In simplest terms, ROC curve measures the quality of a binary classifier based on sorted predictions. The predictions can be on any scale, which means that your data can be used to make a ROC curve as is, or it can be scaled to a [0,1]
range which is where most binary classifiers will predict their values.
I will post a short Python code below that will show what I mean. Let's say that your qRT-PCR fold changes are in the range [0,25]
and that you have 25 gold standards measurements. I will simulate that by creating 25 random numbers in [0,25]
range. These are the numbers I got (rounded to 2 decimal places), though yours will be different each time you run the code.
[12.42 16.92 24.03 19.01 18.19 11.82 5.78 4.09 24.32 15.09 21.28 18.16 11.03 14.01 7.8 13.1 20.78 21.51 7.25 19.3 15.62 9.59 4.8 23.62 21.56]
Let's say that for each of those 25 experiments you have an array of 0 or 1 numbers, where 1s mean true positive and 0s mean true negative. Again, I will make 25 random numbers, which for my experment look like these:
[0 0 1 1 0 0 0 0 1 0 1 1 0 1 1 0 1 0 1 1 0 0 1 1 0]
When you calculate the ROC-AUC score for these two arrays of numbers, it comes out as 0.6730769230769231
. Now, you can scale the fold change numbers to be in [0,1]

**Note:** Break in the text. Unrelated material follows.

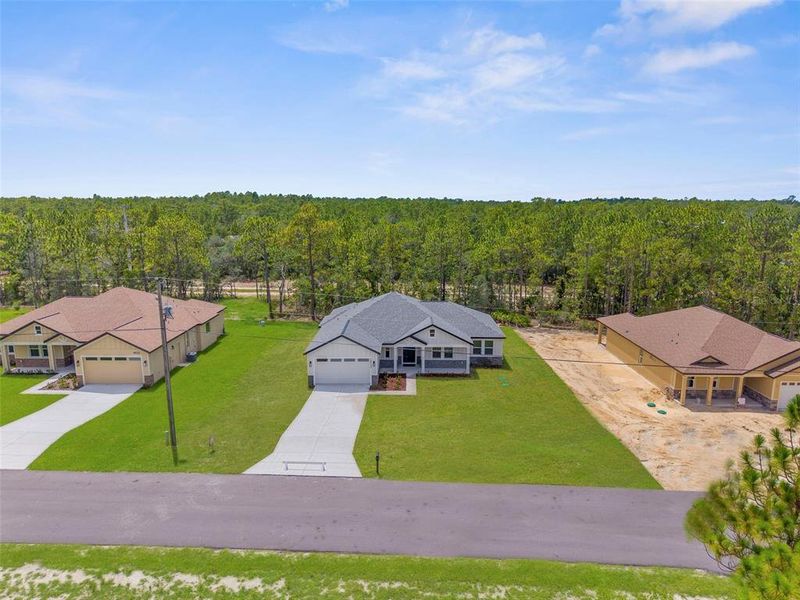 Front exterior of a new home in , Weeki Wachee, FL, highlighting curb appeal (Image 32).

range if you wish, because binary classifiers would typically give you numbers like that. Scaled fold change looked like this in my case:
[0.41 0.63 0.99 0.74 0.7 0.38 0.08 0. 1. 0.54 0.85 0.7 0.34 0.49 0.18 0.45 0.82 0.86 0.16 0.75 0.57 0.27 0.03 0.97 0.86]

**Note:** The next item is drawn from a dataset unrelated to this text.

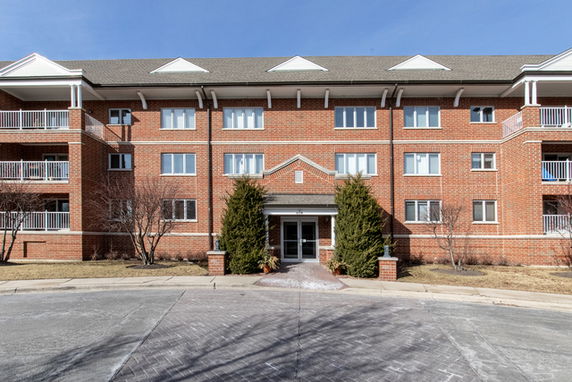 Front view of a three-story brick building with balconies.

As I said before, the scale of measurements/predictions doesn't matter, as the ROC-AUC score for the scaled array of numbers vs. original classes still comes out as 0.6730769230769231
The only thing you need to do is make a column of fold change numberss, and next to each of those numbers enter either 0 or 1 which you should know because this is a gold standard set. That's all the data you need, and then you need something that can plot a ROC curve, for example the roc_curve function in sklearn.
import numpy as np
from sklearn.metrics import roc_auc_score
from sklearn.preprocessing import MinMaxScaler
scaler = MinMaxScaler(feature_range=(0, 1))
random_fold = np.random.uniform(low=0, high=25, size=25)

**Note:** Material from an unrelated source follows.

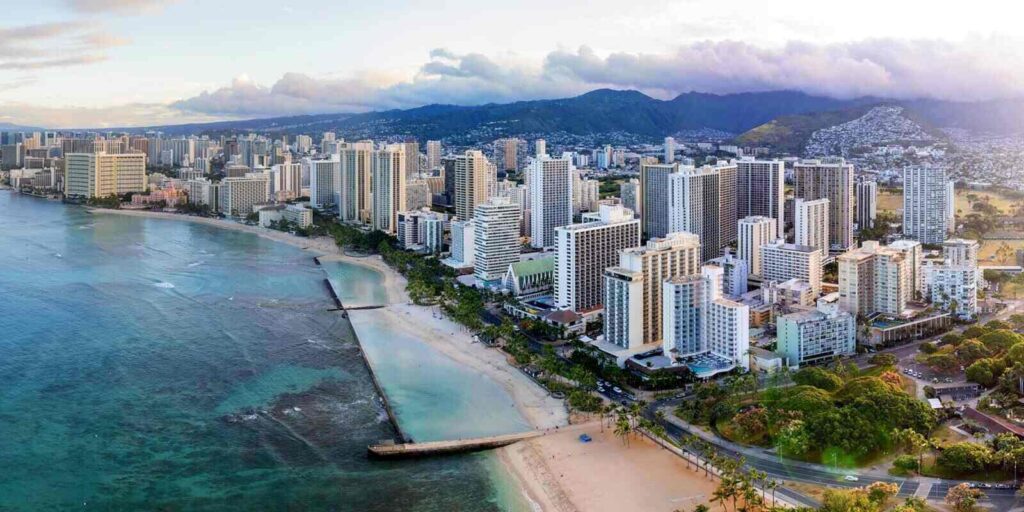 sunrise panoramic view of the densest parts of honolulu at waikiki and its beach and hotels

print(np.around(random_fold, 2))
random_class = np.random.randint(low=0, high=2, size=25)
print(random_class)
print(roc_auc_score(random_class, random_fold))
scaled_random_fold = scaler.fit_transform(random_fold.reshape(-1, 1))
print(np.around(scaled_random_fold, 2).flatten())
print(roc_auc_score(random_class, scaled_random_fold))
Fold change can take an infinity of values, it is not the kind of "YES or NO" question" that ROC analysis are made for. ROC curves are a measure of performance of binary classifier prediction systems, so in your case, it would be useless unless you want to simply classify your genes between differentially expressed or not.
Why don't you just measure a correlation ?
Yes I want to check the discriminatory power of the genes to differentiate between the positive group and the negative group. Hence the ROC.